Given the records below, would you repeat exactly the lines that begin at the one containing "DK24EL D-1672 Dhanak" and end at the one containing "Photographic documentation of", inclusive?

Top of Data to process

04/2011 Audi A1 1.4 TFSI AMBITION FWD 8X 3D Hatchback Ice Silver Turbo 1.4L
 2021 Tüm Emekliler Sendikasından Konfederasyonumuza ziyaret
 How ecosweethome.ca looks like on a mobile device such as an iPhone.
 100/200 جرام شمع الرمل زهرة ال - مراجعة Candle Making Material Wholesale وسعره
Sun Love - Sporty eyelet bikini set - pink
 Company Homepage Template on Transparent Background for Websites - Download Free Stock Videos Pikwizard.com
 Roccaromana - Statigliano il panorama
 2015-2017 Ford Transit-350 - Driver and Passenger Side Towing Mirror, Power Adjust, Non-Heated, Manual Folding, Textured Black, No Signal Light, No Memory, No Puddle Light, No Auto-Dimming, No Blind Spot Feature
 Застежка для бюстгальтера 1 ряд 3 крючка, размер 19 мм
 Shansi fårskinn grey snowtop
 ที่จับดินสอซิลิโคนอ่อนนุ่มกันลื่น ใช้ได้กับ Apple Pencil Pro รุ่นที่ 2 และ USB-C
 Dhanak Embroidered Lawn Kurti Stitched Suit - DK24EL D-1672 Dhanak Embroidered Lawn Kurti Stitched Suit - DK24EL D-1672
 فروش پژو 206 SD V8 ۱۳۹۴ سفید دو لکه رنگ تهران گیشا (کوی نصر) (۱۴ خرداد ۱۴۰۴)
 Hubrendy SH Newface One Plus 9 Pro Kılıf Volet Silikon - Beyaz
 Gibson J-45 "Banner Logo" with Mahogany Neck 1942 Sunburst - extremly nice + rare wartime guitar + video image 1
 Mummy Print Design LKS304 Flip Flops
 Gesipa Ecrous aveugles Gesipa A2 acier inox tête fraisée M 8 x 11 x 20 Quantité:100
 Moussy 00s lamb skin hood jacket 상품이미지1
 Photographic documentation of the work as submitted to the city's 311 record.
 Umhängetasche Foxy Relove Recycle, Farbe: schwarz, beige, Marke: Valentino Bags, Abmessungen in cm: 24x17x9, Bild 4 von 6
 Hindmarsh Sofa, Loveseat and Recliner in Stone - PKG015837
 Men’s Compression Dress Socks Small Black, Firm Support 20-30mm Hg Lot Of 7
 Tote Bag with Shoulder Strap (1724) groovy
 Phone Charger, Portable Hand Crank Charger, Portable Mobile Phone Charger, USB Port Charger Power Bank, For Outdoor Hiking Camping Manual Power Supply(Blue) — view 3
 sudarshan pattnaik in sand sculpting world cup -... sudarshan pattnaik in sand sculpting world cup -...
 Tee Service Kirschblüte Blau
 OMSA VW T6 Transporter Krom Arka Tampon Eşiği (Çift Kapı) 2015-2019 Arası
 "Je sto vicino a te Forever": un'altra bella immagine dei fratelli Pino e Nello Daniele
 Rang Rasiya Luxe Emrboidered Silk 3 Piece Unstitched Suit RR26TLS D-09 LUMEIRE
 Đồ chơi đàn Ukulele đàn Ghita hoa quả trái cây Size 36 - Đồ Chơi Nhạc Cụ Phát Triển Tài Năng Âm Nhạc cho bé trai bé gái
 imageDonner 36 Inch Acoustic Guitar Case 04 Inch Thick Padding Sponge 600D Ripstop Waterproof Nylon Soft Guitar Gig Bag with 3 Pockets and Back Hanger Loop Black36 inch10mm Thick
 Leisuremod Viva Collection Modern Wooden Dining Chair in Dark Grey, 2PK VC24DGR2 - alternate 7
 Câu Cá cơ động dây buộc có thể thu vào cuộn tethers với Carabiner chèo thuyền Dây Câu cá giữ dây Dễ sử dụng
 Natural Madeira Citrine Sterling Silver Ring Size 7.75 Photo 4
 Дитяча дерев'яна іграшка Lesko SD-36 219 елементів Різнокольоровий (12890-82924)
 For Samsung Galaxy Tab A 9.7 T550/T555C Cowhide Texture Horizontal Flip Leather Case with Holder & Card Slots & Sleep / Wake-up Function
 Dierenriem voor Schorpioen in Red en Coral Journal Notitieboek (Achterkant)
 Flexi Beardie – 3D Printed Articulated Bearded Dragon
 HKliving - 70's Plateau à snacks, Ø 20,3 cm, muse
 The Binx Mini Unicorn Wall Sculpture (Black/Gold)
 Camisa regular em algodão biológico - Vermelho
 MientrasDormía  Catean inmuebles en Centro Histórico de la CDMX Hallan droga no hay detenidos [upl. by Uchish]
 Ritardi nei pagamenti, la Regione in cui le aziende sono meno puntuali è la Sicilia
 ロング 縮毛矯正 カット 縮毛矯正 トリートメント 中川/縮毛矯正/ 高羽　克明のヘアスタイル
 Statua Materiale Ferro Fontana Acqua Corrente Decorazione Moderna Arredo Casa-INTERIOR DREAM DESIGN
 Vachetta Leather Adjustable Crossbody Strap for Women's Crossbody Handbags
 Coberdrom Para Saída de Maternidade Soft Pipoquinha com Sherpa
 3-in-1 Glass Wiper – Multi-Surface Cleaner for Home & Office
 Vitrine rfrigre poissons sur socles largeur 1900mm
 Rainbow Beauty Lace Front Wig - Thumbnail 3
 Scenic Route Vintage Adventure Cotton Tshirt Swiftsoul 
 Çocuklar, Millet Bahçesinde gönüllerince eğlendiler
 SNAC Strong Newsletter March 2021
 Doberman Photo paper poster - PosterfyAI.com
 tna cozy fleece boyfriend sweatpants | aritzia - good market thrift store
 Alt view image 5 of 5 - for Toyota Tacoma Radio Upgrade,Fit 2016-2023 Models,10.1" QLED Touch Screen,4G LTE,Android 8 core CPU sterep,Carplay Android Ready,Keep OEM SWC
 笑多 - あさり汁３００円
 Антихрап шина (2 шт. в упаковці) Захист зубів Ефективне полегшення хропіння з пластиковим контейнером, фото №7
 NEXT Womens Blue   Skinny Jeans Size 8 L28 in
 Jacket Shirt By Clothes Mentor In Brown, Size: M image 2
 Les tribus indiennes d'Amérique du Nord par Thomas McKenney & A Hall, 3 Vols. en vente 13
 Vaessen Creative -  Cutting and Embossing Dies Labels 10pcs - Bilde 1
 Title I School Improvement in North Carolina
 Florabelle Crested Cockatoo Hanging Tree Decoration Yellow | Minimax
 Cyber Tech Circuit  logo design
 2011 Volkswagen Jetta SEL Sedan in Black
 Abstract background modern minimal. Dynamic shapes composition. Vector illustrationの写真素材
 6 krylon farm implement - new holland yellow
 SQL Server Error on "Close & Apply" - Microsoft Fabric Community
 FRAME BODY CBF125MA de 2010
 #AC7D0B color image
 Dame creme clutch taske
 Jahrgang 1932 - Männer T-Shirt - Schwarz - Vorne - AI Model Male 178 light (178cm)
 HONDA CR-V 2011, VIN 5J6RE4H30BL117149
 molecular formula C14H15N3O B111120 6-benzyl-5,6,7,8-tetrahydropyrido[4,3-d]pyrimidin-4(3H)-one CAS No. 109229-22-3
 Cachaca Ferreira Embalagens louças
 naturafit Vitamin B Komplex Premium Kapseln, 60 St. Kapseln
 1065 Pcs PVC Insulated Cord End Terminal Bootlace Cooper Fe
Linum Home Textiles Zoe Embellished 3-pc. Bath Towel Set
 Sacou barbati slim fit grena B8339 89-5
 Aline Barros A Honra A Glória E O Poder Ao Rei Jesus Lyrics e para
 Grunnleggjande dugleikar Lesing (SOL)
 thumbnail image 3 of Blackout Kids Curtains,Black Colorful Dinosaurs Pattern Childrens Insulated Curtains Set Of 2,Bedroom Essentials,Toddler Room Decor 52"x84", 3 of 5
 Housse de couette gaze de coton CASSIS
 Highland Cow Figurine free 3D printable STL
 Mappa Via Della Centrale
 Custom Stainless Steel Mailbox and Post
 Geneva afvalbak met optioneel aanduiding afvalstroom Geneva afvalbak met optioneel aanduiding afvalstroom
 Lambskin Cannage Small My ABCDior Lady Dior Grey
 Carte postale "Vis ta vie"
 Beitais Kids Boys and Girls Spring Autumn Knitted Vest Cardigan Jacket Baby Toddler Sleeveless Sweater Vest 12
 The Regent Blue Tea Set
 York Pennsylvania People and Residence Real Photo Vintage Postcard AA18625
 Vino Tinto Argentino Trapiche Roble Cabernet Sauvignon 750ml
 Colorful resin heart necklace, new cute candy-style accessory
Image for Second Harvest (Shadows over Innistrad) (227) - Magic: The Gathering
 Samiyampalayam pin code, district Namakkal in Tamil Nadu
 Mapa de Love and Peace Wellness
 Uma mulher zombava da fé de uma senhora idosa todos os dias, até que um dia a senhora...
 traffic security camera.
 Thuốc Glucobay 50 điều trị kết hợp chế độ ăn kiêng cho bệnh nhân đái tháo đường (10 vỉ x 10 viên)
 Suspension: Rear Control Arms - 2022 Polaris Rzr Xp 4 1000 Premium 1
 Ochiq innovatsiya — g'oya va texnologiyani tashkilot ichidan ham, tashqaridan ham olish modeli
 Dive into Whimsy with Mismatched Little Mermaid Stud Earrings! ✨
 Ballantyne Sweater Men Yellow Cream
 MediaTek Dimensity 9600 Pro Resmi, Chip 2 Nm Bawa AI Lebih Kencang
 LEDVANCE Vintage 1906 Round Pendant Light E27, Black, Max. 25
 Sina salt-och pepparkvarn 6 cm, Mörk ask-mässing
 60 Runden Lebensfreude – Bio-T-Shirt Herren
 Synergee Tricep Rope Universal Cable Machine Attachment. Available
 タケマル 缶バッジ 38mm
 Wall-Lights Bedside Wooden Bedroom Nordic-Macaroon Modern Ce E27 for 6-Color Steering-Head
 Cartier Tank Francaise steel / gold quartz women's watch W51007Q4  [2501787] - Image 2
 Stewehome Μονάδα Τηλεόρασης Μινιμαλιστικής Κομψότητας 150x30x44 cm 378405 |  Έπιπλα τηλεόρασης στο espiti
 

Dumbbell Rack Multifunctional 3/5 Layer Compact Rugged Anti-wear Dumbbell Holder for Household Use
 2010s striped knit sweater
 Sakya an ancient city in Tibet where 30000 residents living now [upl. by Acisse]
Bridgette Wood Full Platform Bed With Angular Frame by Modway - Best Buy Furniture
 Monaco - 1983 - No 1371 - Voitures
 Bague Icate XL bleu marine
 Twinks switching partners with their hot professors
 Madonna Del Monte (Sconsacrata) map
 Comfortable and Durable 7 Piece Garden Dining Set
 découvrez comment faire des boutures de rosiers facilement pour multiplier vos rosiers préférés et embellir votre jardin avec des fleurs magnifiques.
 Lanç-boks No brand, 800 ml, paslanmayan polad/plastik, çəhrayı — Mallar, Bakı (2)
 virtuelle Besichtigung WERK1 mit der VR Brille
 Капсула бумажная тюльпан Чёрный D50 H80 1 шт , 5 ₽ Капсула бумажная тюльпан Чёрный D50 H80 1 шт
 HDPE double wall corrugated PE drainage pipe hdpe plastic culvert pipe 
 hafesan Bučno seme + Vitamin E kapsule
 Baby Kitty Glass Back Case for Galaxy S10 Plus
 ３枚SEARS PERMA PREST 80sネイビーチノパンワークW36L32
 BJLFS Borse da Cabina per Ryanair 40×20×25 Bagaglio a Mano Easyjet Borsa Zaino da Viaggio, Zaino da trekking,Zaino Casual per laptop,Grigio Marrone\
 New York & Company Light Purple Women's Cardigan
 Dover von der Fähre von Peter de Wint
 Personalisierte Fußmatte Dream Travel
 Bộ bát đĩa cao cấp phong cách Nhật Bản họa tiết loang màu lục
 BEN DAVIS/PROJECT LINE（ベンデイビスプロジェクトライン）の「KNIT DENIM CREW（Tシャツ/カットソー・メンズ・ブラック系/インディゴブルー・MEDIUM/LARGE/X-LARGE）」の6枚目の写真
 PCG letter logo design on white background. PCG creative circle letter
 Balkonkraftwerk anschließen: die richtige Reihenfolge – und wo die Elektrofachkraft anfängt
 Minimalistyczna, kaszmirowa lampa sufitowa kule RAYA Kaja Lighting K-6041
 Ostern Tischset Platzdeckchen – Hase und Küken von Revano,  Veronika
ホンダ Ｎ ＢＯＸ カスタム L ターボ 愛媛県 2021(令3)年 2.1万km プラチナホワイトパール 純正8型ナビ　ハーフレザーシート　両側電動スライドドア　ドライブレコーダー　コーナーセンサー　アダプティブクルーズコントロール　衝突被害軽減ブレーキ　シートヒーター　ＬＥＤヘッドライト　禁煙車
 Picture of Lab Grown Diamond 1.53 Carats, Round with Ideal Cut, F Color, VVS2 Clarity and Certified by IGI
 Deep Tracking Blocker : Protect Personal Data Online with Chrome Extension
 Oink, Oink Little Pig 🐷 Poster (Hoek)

Bottom of Data to process

**Exercise answer**
 Dhanak Embroidered Lawn Kurti Stitched Suit - DK24EL D-1672 Dhanak Embroidered Lawn Kurti Stitched Suit - DK24EL D-1672
 فروش پژو 206 SD V8 ۱۳۹۴ سفید دو لکه رنگ تهران گیشا (کوی نصر) (۱۴ خرداد ۱۴۰۴)
 Hubrendy SH Newface One Plus 9 Pro Kılıf Volet Silikon - Beyaz
 Gibson J-45 "Banner Logo" with Mahogany Neck 1942 Sunburst - extremly nice + rare wartime guitar + video image 1
 Mummy Print Design LKS304 Flip Flops
 Gesipa Ecrous aveugles Gesipa A2 acier inox tête fraisée M 8 x 11 x 20 Quantité:100
 Moussy 00s lamb skin hood jacket 상품이미지1
 Photographic documentation of the work as submitted to the city's 311 record.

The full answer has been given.